A modern web application that allows you to upload PDF documents and chat with them using AI. Built with Node.js, Express, and a beautiful responsive frontend.
Clean, modern interface ready for document upload
- 📁 File Upload: Upload PDF documents with drag & drop support
- 🤖 AI Chat: Chat with your documents using OpenAI's GPT models
- 🗂️ Multiple Documents: Manage multiple documents with separate conversations
- 🎯 Namespace Isolation: Each document gets its own Pinecone namespace for accurate retrieval
- 💬 Conversation History: Maintain separate chat histories for each document
- 📱 Responsive Design: Beautiful, modern UI that works on all devices
- ⚡ Real-time Processing: Fast document processing and embedding generation
- 🌍 Multi-language Support: Ask questions in English, Vietnamese, or other languages
- 🔄 Auto-clean Data: Automatically clears old data on startup for fresh sessions
- Node.js with Express.js
- LangChain for AI integration
- OpenAI for embeddings and chat
- Pinecone for vector database
- Multer for file uploads
- PDF-parse for document processing
- Vanilla JavaScript with modern ES6+
- Responsive CSS with gradient design
- Drag & Drop file upload
- Real-time chat interface
npm install
Create a .env
file in the root directory with the following variables:
OPENAI_API_KEY=your_openai_api_key_here
PINECONE_API_KEY=your_pinecone_api_key_here
PORT=3001
# Start the server
npm start
# Or for development with auto-restart
npm run dev
The application will be available at http://localhost:3001
Example of chatting with a Vietnamese AWS Machine Learning document
- Document Upload: Users upload PDF files through the web interface
- Processing: The system extracts text, chunks it, and generates embeddings
- Storage: Embeddings are stored in Pinecone with unique namespaces per document
- Chat: Users can select documents and ask questions
- Retrieval: The system retrieves relevant chunks from the specific document's namespace
- Generation: AI generates answers based on the retrieved context
GET /api/files
- Get list of uploaded filesPOST /api/upload
- Upload and process a PDF filePOST /api/chat
- Send a chat message for a specific documentDELETE /api/files/:fileId
- Delete a file and its data
├── server.js # Express server with API endpoints
├── public/
│ └── index.html # Frontend application
├── src/
│ ├── chunk-texts.js # Text chunking logic
│ ├── embed-texts.js # Embedding generation
│ ├── generate-answer.js # AI answer generation
│ ├── parse-pdf.js # PDF text extraction
│ └── vector-db.js # Pinecone operations
├── uploads/ # Uploaded files storage
└── package.json
- Upload Documents: Click "Upload Document" or drag & drop PDF files
- Select Document: Click on any document in the sidebar to start chatting
- Ask Questions: Type your questions in the chat input (supports multiple languages)

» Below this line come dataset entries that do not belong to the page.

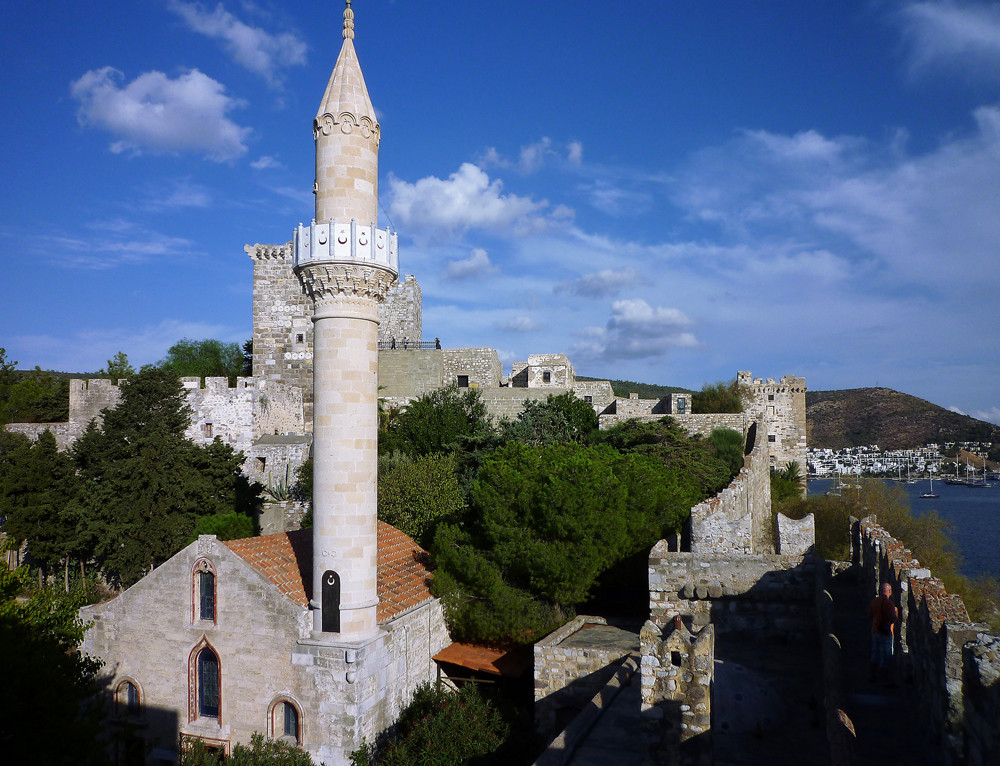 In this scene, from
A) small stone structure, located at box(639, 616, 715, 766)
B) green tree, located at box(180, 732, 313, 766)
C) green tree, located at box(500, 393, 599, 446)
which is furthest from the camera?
green tree, located at box(500, 393, 599, 446)

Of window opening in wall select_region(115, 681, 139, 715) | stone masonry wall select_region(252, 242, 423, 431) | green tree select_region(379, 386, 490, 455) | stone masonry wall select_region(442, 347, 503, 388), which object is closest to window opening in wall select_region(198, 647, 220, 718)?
window opening in wall select_region(115, 681, 139, 715)

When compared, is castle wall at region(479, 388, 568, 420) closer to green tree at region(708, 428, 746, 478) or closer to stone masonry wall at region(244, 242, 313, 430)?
green tree at region(708, 428, 746, 478)

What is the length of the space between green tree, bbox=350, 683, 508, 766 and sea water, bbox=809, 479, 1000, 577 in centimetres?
2633

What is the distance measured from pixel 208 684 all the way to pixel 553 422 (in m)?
18.1

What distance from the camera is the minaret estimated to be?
1175 cm

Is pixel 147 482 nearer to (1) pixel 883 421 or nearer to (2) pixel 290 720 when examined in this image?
→ (2) pixel 290 720

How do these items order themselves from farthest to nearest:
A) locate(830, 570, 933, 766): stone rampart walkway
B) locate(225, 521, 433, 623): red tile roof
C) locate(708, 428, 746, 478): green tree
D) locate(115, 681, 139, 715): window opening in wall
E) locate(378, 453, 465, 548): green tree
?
1. locate(708, 428, 746, 478): green tree
2. locate(378, 453, 465, 548): green tree
3. locate(115, 681, 139, 715): window opening in wall
4. locate(225, 521, 433, 623): red tile roof
5. locate(830, 570, 933, 766): stone rampart walkway

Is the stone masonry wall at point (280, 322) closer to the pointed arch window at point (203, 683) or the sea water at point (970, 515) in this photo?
the pointed arch window at point (203, 683)

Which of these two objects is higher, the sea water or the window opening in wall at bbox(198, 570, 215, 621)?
the window opening in wall at bbox(198, 570, 215, 621)

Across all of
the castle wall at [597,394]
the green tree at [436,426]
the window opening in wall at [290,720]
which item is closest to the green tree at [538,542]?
the window opening in wall at [290,720]

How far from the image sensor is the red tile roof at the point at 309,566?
40.8 feet

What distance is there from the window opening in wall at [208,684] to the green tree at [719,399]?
80.6 feet

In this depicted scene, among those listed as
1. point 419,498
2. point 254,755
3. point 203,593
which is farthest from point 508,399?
point 254,755

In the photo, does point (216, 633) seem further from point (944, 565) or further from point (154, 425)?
point (944, 565) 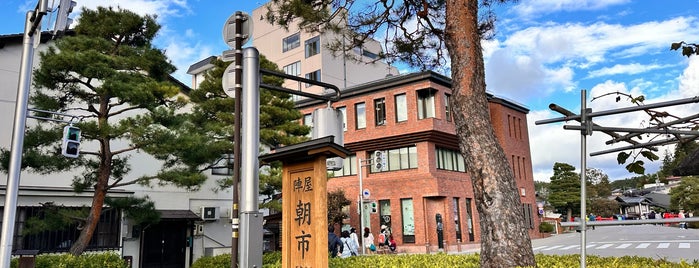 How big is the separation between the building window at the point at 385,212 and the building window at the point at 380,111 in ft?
15.5

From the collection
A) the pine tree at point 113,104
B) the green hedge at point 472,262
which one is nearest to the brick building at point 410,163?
the pine tree at point 113,104

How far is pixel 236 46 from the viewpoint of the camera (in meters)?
5.06

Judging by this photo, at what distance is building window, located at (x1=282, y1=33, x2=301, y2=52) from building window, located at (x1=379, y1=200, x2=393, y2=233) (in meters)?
16.4

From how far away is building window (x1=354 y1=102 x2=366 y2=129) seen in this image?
30534 millimetres

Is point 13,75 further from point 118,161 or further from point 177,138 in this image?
point 177,138

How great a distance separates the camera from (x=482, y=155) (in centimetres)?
664

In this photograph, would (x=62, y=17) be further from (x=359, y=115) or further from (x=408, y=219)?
(x=359, y=115)

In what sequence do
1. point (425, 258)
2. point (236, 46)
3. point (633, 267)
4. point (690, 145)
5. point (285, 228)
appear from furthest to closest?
point (425, 258) < point (285, 228) < point (633, 267) < point (236, 46) < point (690, 145)

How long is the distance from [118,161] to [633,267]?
12.6 meters

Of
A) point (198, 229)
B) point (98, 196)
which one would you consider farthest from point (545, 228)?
point (98, 196)

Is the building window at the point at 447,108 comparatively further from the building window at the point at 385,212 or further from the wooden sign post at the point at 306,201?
the wooden sign post at the point at 306,201

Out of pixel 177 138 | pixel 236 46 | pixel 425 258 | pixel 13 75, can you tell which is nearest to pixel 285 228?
pixel 236 46

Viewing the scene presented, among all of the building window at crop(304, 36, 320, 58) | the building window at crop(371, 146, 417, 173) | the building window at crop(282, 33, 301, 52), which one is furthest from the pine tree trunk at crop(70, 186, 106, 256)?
the building window at crop(282, 33, 301, 52)

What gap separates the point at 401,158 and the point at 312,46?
13.8m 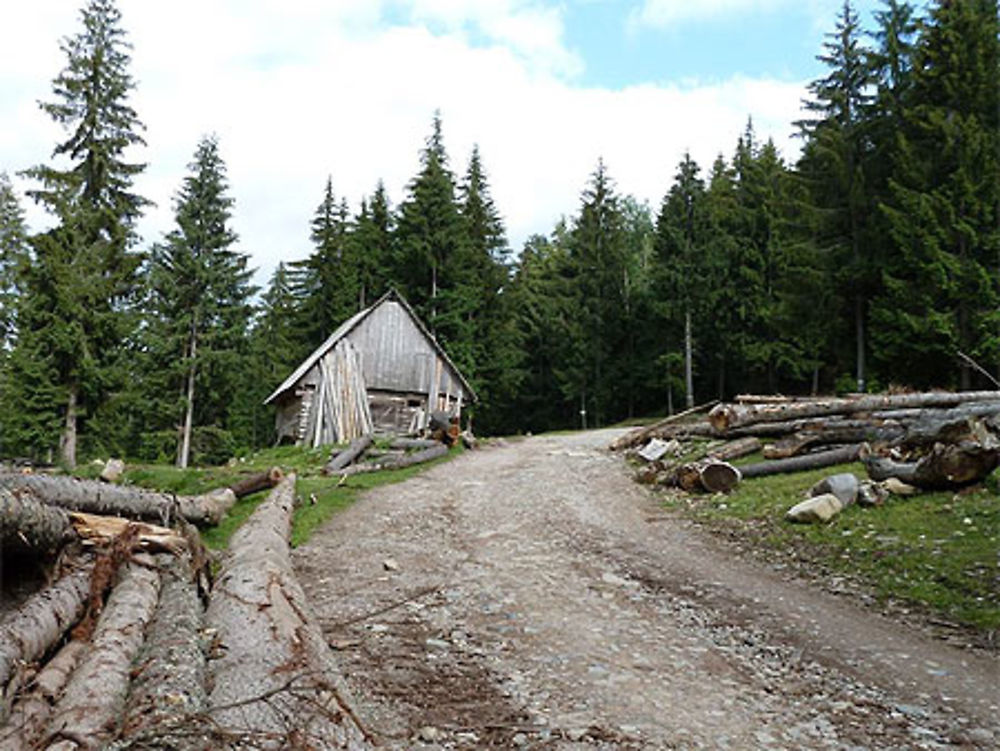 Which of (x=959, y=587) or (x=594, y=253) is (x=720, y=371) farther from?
(x=959, y=587)

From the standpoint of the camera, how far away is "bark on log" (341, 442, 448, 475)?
16484 millimetres

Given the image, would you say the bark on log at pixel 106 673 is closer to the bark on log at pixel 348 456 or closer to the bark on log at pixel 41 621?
the bark on log at pixel 41 621

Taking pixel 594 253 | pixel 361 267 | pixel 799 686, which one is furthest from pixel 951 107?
pixel 361 267

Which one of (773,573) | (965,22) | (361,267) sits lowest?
(773,573)

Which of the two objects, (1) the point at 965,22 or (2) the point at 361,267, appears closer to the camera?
(1) the point at 965,22

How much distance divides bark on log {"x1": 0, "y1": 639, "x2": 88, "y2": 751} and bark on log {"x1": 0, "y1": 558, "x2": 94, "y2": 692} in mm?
136

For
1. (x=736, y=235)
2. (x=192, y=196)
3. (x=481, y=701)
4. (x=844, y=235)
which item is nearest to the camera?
(x=481, y=701)

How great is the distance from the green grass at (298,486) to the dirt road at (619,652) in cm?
162

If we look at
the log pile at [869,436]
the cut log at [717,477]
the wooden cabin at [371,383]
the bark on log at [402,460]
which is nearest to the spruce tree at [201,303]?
the wooden cabin at [371,383]

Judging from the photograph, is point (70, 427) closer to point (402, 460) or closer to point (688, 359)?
point (402, 460)

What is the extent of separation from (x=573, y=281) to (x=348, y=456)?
1134 inches

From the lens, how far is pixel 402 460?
1742 centimetres

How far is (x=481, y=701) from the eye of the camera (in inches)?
159

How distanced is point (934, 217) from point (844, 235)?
17.0 ft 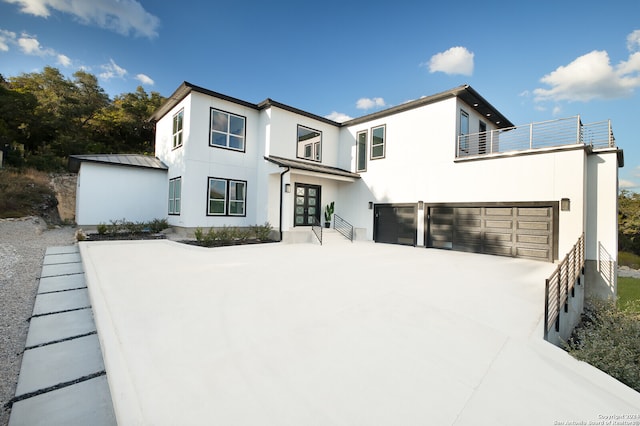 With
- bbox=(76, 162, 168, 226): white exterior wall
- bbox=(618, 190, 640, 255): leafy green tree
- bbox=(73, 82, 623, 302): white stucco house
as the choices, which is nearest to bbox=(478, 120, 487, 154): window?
bbox=(73, 82, 623, 302): white stucco house

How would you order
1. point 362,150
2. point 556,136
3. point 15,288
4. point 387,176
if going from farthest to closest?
point 362,150
point 387,176
point 556,136
point 15,288

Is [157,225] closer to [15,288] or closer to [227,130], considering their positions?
[227,130]

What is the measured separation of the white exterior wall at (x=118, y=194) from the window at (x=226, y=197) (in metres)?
3.36

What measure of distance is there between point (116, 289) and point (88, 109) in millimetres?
27721

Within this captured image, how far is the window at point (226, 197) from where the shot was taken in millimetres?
11391

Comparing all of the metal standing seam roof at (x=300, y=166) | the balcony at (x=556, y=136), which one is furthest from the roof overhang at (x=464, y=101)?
the metal standing seam roof at (x=300, y=166)

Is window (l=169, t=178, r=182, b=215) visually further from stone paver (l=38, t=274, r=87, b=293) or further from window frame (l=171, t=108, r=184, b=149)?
stone paver (l=38, t=274, r=87, b=293)

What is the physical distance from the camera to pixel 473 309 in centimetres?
393

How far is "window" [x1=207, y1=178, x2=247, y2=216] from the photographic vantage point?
37.4 feet

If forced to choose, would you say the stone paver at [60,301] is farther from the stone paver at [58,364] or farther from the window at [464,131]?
the window at [464,131]

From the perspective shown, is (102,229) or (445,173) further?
(445,173)

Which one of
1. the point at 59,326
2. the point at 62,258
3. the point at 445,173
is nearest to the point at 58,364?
the point at 59,326

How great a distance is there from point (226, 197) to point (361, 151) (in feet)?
22.8

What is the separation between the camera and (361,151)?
1360 centimetres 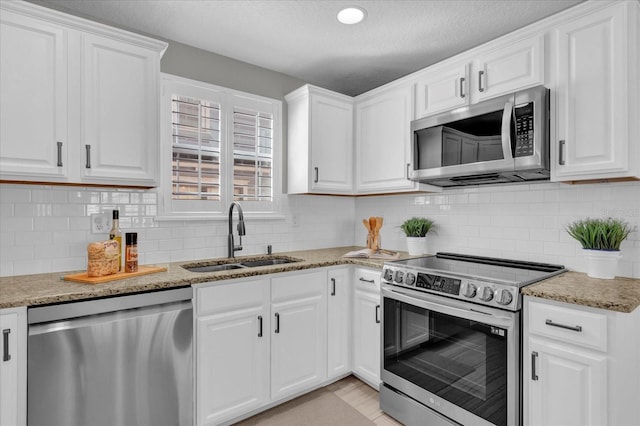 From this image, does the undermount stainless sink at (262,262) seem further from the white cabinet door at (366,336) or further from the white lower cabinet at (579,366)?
the white lower cabinet at (579,366)

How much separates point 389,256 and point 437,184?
2.21ft

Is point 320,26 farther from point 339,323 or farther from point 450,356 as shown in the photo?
point 450,356

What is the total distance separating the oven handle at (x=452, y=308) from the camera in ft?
5.58

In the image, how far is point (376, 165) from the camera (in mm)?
2914

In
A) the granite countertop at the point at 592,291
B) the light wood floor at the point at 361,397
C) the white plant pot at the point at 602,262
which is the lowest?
the light wood floor at the point at 361,397

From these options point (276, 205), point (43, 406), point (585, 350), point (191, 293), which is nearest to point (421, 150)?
point (276, 205)

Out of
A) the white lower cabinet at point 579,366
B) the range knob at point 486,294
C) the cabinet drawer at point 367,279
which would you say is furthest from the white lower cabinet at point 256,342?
the white lower cabinet at point 579,366

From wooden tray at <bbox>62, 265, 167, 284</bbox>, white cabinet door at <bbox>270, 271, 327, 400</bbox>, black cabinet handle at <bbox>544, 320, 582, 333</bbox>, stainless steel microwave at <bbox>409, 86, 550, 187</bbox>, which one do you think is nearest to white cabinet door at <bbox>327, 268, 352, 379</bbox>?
white cabinet door at <bbox>270, 271, 327, 400</bbox>

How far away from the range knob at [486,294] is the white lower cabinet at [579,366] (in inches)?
6.1

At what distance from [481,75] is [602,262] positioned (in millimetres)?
1284

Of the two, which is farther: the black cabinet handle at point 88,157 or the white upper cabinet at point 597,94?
the black cabinet handle at point 88,157

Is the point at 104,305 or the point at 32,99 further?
the point at 32,99

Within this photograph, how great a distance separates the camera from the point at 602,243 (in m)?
1.87

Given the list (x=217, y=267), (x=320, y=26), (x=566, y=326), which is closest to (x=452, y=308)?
(x=566, y=326) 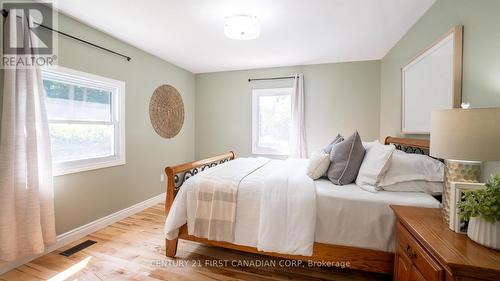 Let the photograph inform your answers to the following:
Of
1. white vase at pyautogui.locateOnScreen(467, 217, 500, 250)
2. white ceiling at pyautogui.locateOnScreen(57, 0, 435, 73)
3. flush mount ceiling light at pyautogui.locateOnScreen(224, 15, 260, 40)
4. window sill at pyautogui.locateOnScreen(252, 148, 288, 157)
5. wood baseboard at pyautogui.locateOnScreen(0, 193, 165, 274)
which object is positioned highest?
white ceiling at pyautogui.locateOnScreen(57, 0, 435, 73)

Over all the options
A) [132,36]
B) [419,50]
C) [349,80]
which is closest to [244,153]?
[349,80]

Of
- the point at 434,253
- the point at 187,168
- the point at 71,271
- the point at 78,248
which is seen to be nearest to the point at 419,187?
the point at 434,253

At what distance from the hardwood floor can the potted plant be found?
3.64 feet

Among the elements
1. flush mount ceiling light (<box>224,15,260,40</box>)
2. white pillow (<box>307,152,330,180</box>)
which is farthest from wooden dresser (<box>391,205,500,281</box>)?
flush mount ceiling light (<box>224,15,260,40</box>)

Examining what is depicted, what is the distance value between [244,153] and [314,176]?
2.37m

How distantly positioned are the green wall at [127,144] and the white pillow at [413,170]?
3.04 m

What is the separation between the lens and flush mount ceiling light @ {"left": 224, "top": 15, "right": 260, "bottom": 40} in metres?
2.10

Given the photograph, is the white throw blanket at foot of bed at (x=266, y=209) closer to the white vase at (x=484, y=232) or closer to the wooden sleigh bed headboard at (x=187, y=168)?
the wooden sleigh bed headboard at (x=187, y=168)

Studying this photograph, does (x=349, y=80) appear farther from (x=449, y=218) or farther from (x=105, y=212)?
(x=105, y=212)

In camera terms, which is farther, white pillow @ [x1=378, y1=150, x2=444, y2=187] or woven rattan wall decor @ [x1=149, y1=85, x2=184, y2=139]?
woven rattan wall decor @ [x1=149, y1=85, x2=184, y2=139]

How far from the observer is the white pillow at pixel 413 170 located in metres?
1.62

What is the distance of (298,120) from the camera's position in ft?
12.3

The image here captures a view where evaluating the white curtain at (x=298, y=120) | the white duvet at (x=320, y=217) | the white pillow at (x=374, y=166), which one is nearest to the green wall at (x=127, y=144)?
the white duvet at (x=320, y=217)

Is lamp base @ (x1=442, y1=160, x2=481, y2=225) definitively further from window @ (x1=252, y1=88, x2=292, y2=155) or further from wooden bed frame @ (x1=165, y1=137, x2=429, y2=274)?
window @ (x1=252, y1=88, x2=292, y2=155) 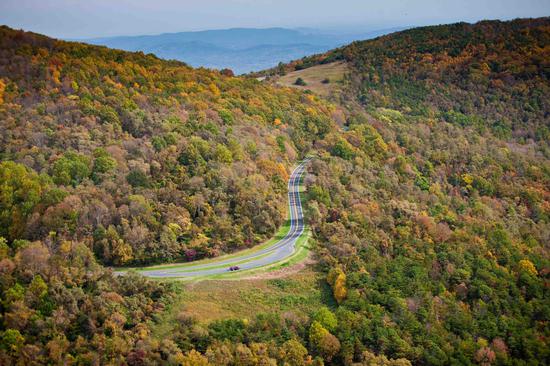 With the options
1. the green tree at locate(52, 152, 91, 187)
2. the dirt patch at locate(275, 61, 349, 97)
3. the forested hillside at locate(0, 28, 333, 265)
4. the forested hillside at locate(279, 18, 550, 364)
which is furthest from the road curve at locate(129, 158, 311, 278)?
the dirt patch at locate(275, 61, 349, 97)

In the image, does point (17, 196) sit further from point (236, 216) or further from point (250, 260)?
point (250, 260)

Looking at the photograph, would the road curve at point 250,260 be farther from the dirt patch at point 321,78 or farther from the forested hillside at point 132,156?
the dirt patch at point 321,78

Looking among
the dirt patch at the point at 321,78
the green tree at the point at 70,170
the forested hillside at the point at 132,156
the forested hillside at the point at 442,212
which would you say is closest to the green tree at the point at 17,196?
the forested hillside at the point at 132,156

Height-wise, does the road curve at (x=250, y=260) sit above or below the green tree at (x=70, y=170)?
below

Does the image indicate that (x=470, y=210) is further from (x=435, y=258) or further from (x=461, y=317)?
(x=461, y=317)

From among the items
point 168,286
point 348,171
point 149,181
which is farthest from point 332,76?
point 168,286

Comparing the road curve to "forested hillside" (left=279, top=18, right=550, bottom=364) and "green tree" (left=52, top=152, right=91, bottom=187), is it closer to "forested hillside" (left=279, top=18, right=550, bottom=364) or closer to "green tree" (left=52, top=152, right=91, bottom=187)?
"forested hillside" (left=279, top=18, right=550, bottom=364)

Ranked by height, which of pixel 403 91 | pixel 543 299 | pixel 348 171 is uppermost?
pixel 403 91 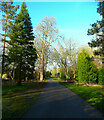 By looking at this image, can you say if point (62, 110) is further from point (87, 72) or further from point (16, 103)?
point (87, 72)

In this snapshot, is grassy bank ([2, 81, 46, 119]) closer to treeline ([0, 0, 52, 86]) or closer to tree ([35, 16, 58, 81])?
treeline ([0, 0, 52, 86])

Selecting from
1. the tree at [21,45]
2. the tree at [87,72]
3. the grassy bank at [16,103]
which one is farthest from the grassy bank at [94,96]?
the tree at [21,45]

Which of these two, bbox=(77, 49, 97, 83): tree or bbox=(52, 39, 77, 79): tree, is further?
bbox=(52, 39, 77, 79): tree

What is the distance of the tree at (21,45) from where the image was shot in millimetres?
19891

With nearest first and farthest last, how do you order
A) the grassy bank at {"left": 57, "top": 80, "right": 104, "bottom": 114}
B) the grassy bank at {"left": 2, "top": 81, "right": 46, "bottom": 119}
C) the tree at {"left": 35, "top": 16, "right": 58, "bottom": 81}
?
1. the grassy bank at {"left": 2, "top": 81, "right": 46, "bottom": 119}
2. the grassy bank at {"left": 57, "top": 80, "right": 104, "bottom": 114}
3. the tree at {"left": 35, "top": 16, "right": 58, "bottom": 81}

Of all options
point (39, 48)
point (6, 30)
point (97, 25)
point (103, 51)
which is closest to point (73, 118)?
point (103, 51)

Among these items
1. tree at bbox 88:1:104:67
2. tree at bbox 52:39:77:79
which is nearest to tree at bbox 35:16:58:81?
tree at bbox 52:39:77:79

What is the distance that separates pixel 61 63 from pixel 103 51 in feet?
76.2

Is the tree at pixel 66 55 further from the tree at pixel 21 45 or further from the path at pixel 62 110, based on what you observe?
the path at pixel 62 110

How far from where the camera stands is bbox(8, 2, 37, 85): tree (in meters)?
19.9

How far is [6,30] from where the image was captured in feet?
64.5

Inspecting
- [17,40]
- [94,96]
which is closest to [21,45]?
[17,40]

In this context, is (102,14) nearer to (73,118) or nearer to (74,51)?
(73,118)

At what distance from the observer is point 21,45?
69.2ft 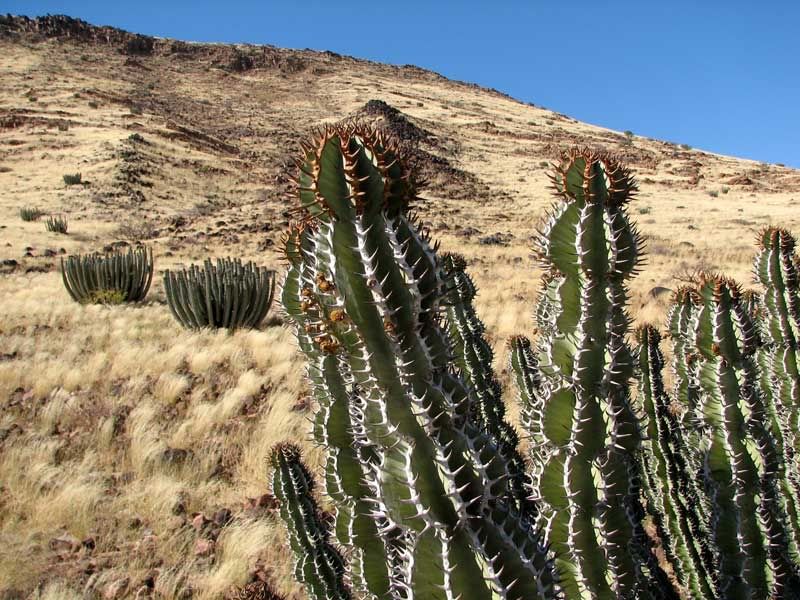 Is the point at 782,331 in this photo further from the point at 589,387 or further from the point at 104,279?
the point at 104,279

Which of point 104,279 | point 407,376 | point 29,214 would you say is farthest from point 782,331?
point 29,214

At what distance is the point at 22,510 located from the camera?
4270 mm

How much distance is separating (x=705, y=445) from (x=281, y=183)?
30.6 metres

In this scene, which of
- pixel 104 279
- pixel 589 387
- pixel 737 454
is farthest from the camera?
pixel 104 279

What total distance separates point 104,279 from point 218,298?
10.5ft

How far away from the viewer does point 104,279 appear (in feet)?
37.3

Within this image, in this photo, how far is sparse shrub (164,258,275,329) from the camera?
9.57m

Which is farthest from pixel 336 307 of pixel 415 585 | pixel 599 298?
pixel 599 298

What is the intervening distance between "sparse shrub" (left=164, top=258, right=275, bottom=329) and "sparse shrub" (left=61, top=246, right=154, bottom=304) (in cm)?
211

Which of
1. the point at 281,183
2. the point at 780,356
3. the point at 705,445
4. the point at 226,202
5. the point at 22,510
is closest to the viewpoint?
the point at 705,445

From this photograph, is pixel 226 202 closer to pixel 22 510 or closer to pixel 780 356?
pixel 22 510

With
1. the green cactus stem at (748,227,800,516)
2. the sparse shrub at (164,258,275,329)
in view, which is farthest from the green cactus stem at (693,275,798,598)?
the sparse shrub at (164,258,275,329)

- Switch Documents: Click different documents to have separate conversations
- Delete Documents: Use the delete button to remove documents
The system supports cross-language queries:
- Upload a Vietnamese document and ask questions in English
- Upload an English document and ask questions in Vietnamese
- The AI will respond in the same language as your question
The system uses the following default configurations:
- Chunk Size: 1000 characters
- Chunk Overlap: 200 characters
- Embedding Model:
text-embedding-3-large
(3072 dimensions) - Chat Model:
gpt-4o-mini
- Top K Results: 10 relevant chunks (with similarity filtering)
- File Size Limit: 10MB
- Similarity Threshold: 0.7 for cross-language search
- "No matching chunks found": The document might not contain relevant information for your query
- Upload fails: Check file size (max 10MB) and ensure it's a valid PDF
- API errors: Verify your OpenAI and Pinecone API keys are correct
- Dimension mismatch errors: The system automatically handles this by recreating the Pinecone index
- Cross-language queries not working: Try asking in the same language as the document first
Make sure you have:
- Node.js 16+ installed
- Valid OpenAI API key with sufficient credits
- Valid Pinecone API key with an active project
The original terminal-based version is still available in index.js
. You can run it with:
node index.js
This will:
- Create index if not exists
- Process sample PDF for the first time
- Accept queries from terminal and generate answers from PDF
MIT License - feel free to use this project for your own applications!